● **EXERCISE OBJECTIVE**:
All entries are to be quoted exactly; the images stay out of the copy.

● **Brief descriptive captions**:
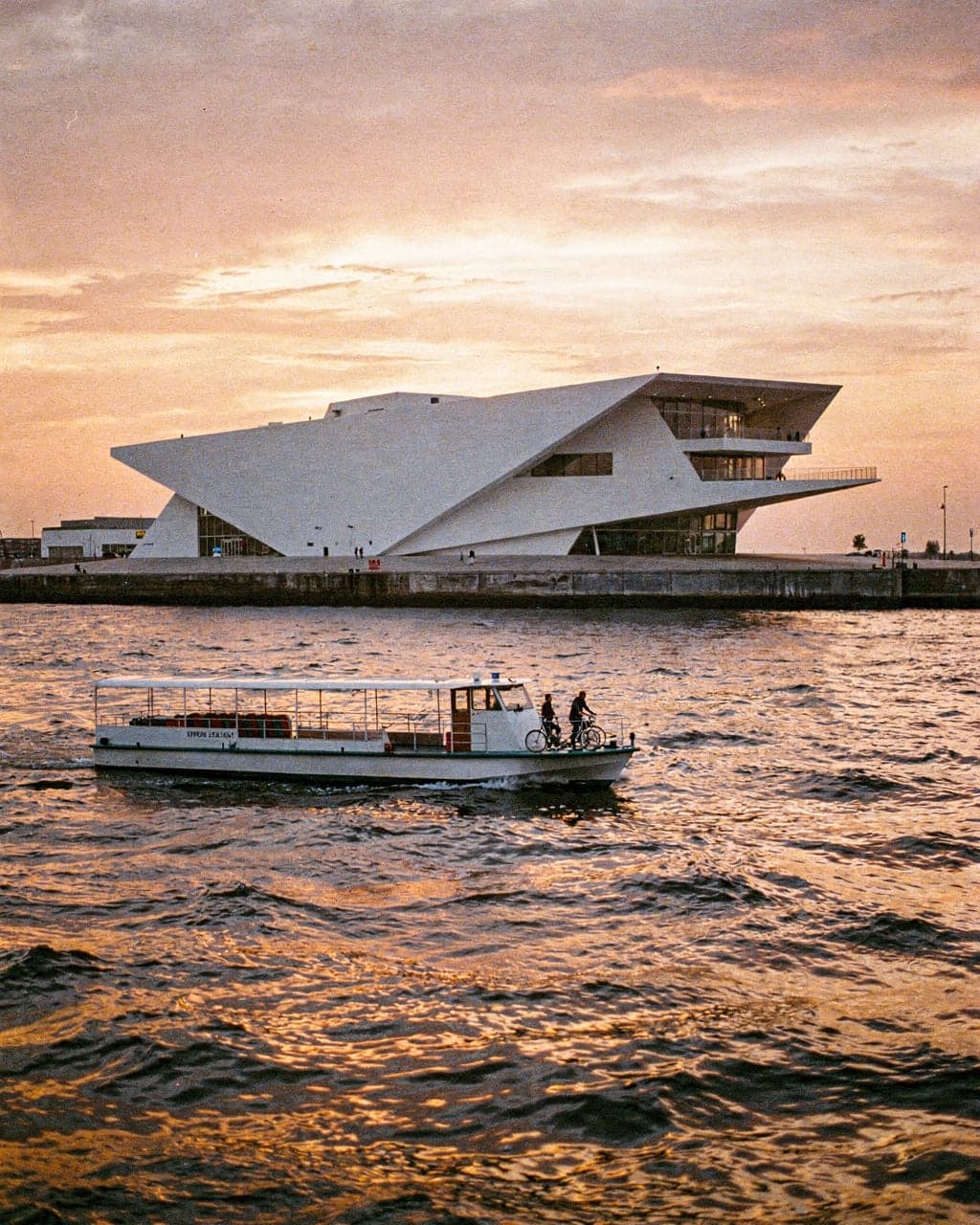 The white, angular EYE Filmmuseum on the north bank of the IJ at sunset, with a ferry crossing the water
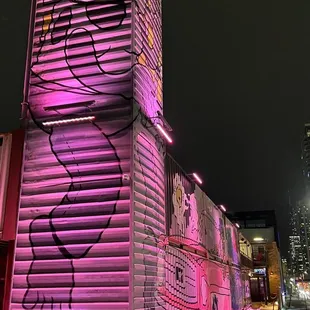 a building with a pink light on it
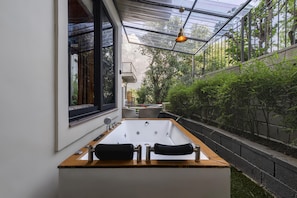 Un baño moderno con una bañera grande, una ventana y un espacio exterior cubierto de cristal.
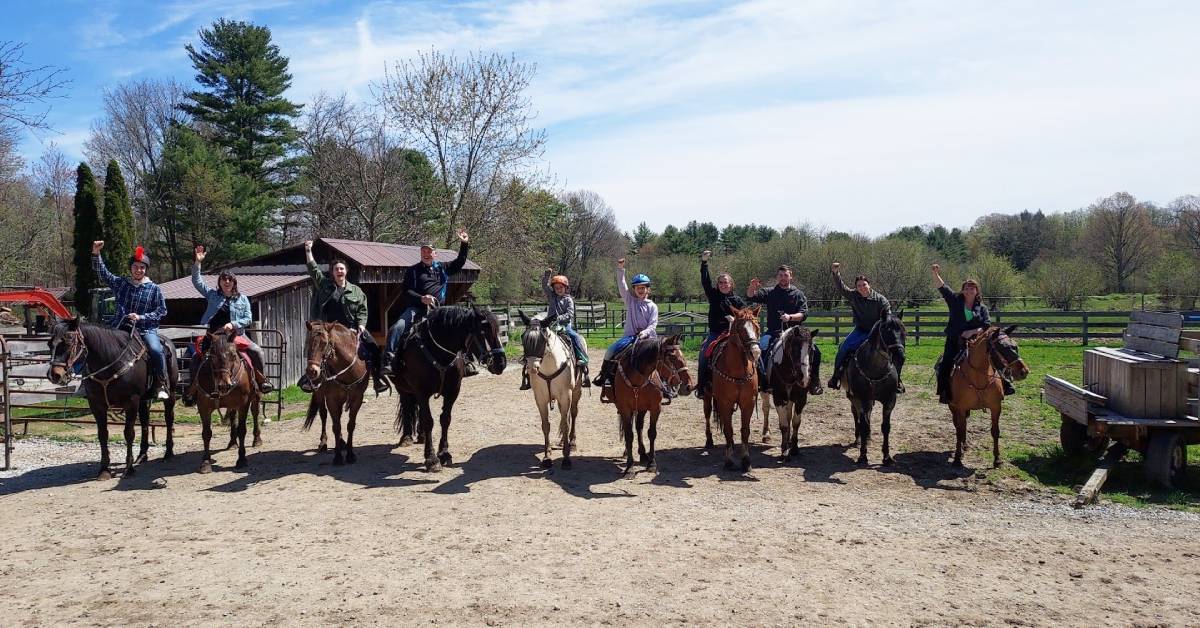 group of horseback riders on a farm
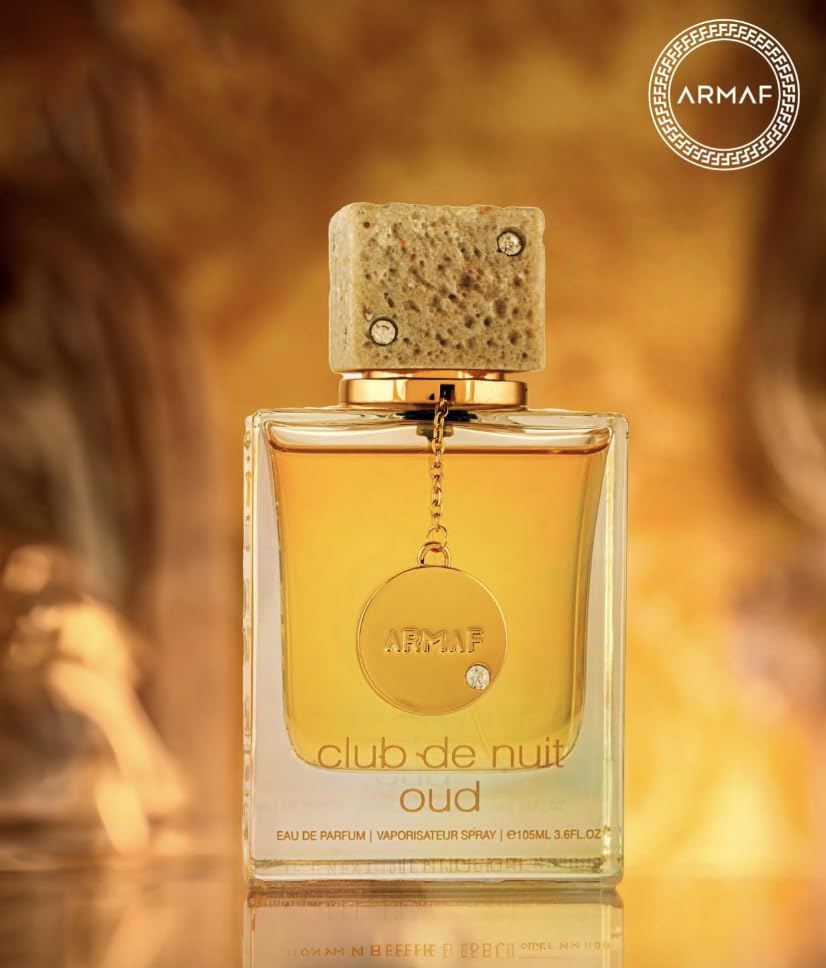 Armaf Club De Nuit Oud spray application demonstrating even mist
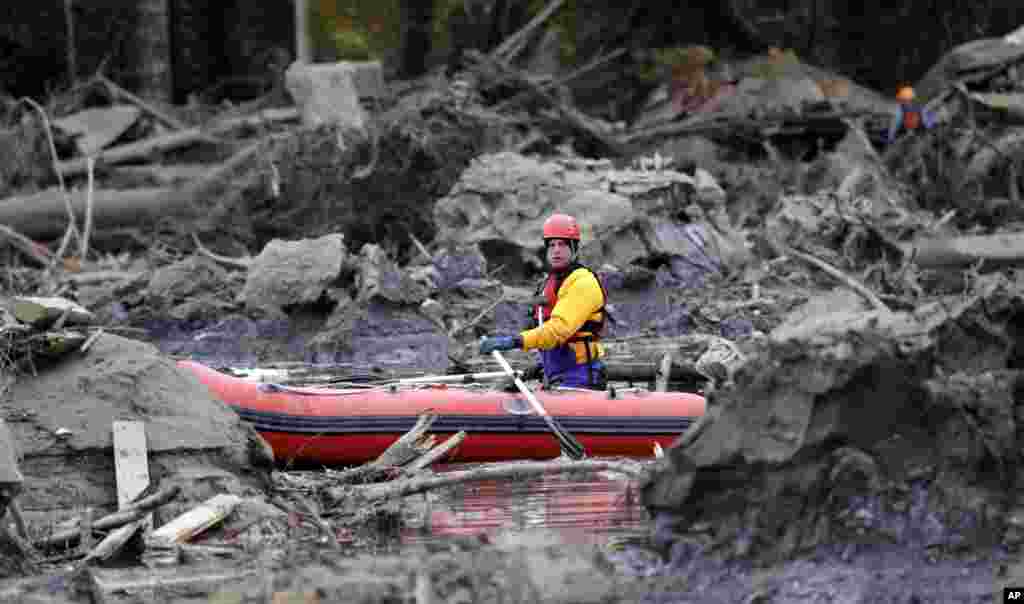 Anggota team SAR melakukan pencarian korban yang hilang dalam bencana tanah longsor di Oso, negaara bagian Washington, AS.&nbsp;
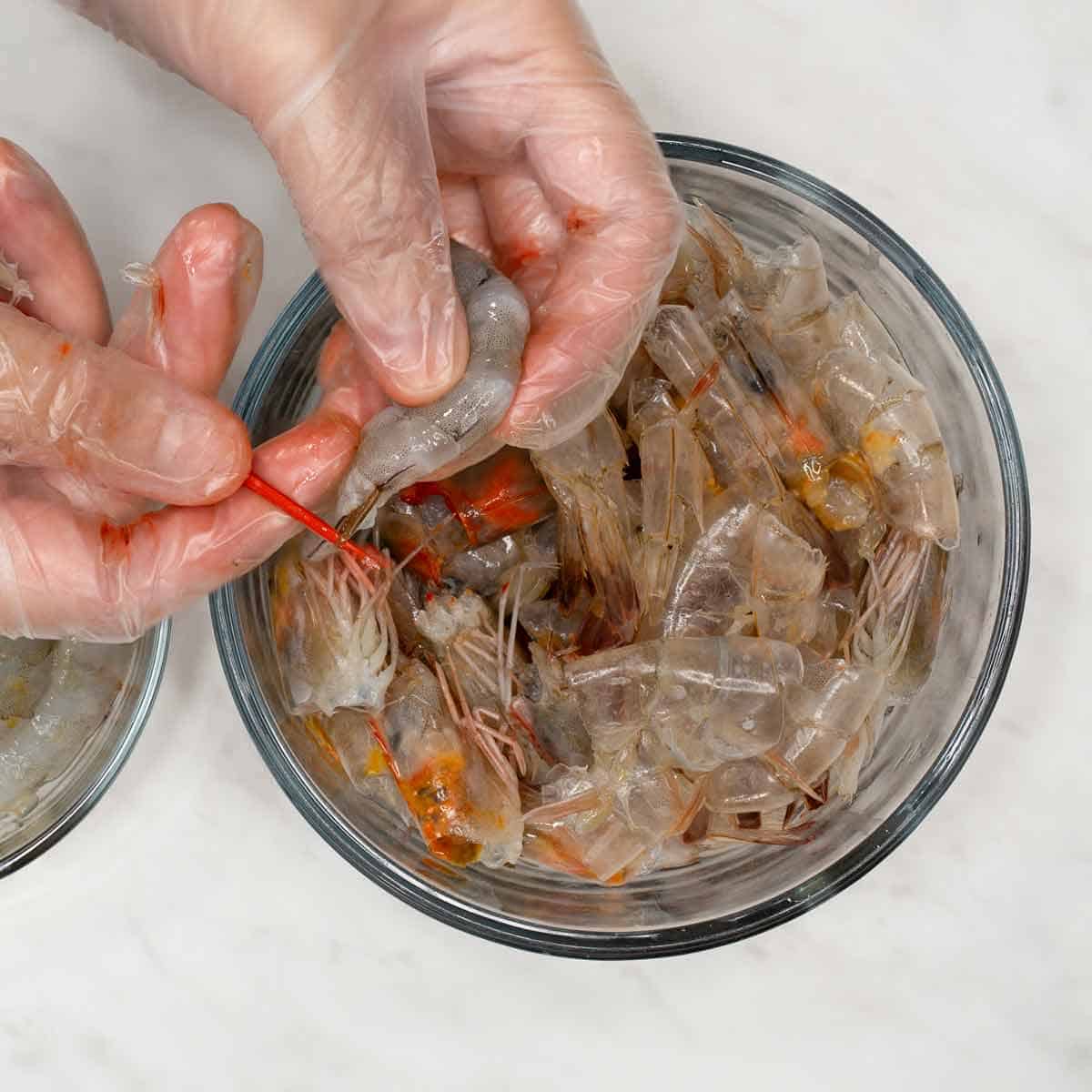 Deveining the shrimp.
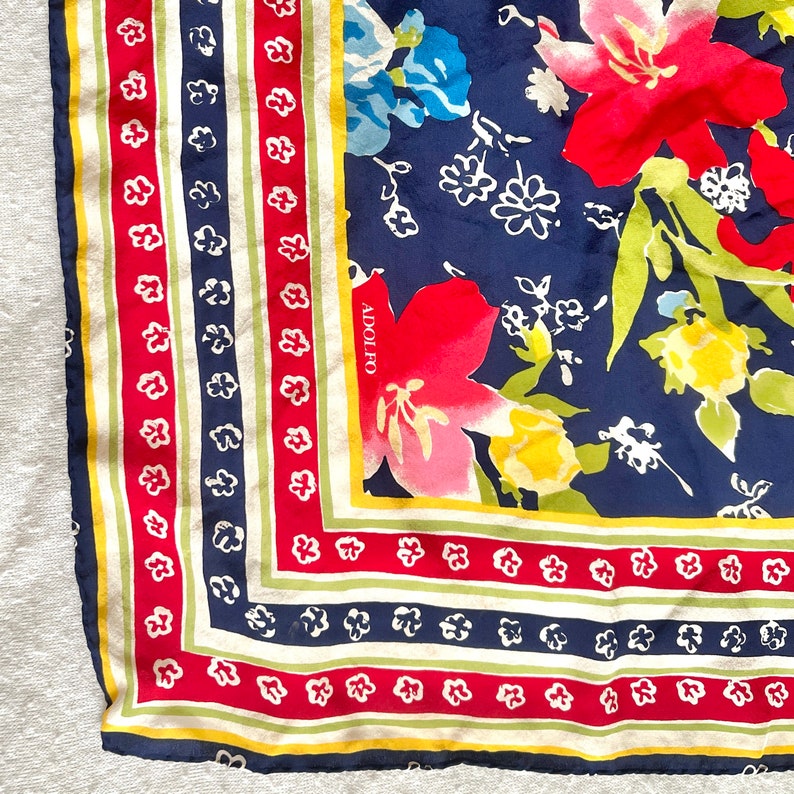 May include: A square scarf featuring a navy blue background with large red, yellow, and light green floral patterns. The border consists of alternating stripes in red, white, navy blue, and yellow with small white flower motifs. The name ADOLFO is printed in white on the navy blue section.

● **RESPONSE TO THE EXERCISE**:
 The white, angular EYE Filmmuseum on the north bank of the IJ at sunset, with a ferry crossing the water
 a building with a pink light on it
 Un baño moderno con una bañera grande, una ventana y un espacio exterior cubierto de cristal.
 group of horseback riders on a farm
 Armaf Club De Nuit Oud spray application demonstrating even mist
 Anggota team SAR melakukan pencarian korban yang hilang dalam bencana tanah longsor di Oso, negaara bagian Washington, AS.&nbsp;
 Deveining the shrimp.
 May include: A square scarf featuring a navy blue background with large red, yellow, and light green floral patterns. The border consists of alternating stripes in red, white, navy blue, and yellow with small white flower motifs. The name ADOLFO is printed in white on the navy blue section.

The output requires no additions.